▶ **INSTRUCTIONS FOR THE TASK**: All lines from the one that contains "спайс Зерноград" to the end of the data must be retyped exactly. Pictures are not retyped.

Start of RAW DATA

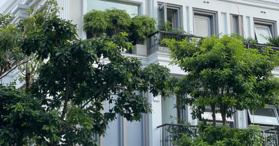 Tôi chính chủ, cần bán gấp giá cực tốt. Biệt thự Starlake Tây Hồ Tây song lập căn góc 215m2 cắt sâu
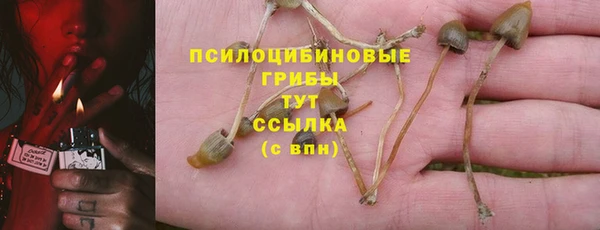 спайс Зерноград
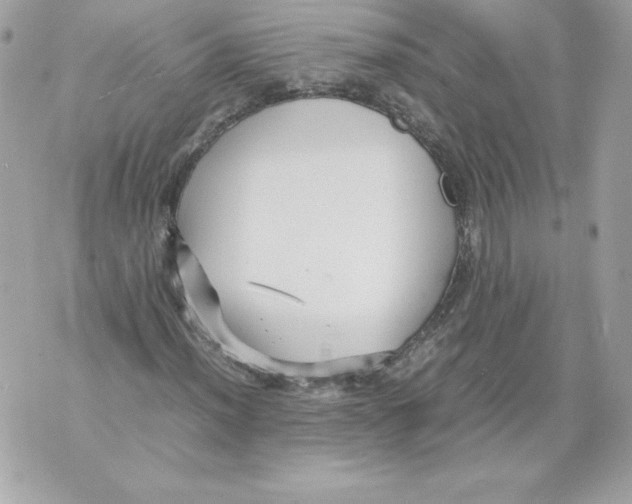 X0000070391012200607072213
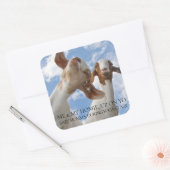 Sticker Carré Chèvre Yoga Sage Cracks (Enveloppe)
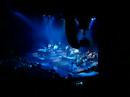 MIcheal Bublè a firenze -  Crazy little thing called love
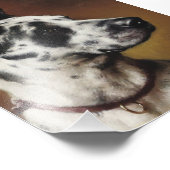 Une superbe photo de Danse (Coin)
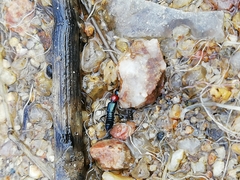 Paederidus ruficollis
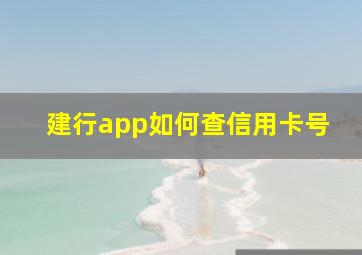 建行app如何查信用卡号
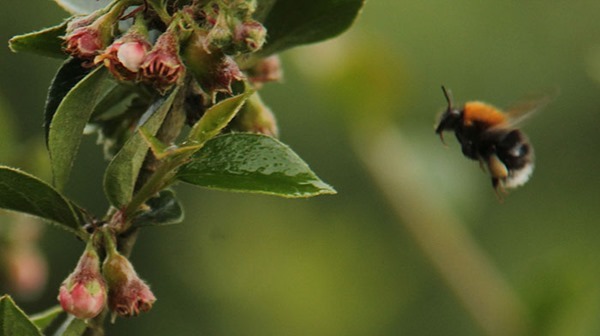 tree-bumble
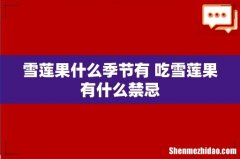 雪莲果什么季节有 吃雪莲果有什么禁忌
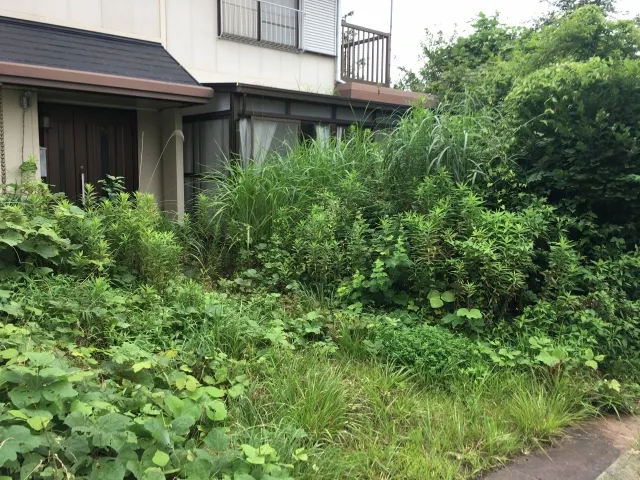 樹木の伐採・除草作業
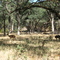 Lower Trail, deer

End of RAW DATA

▶ **RESULT**:
 спайс Зерноград
 X0000070391012200607072213
 Sticker Carré Chèvre Yoga Sage Cracks (Enveloppe)
 MIcheal Bublè a firenze -  Crazy little thing called love
 Une superbe photo de Danse (Coin)
 Paederidus ruficollis
 建行app如何查信用卡号
 tree-bumble
 雪莲果什么季节有 吃雪莲果有什么禁忌
 樹木の伐採・除草作業
 Lower Trail, deer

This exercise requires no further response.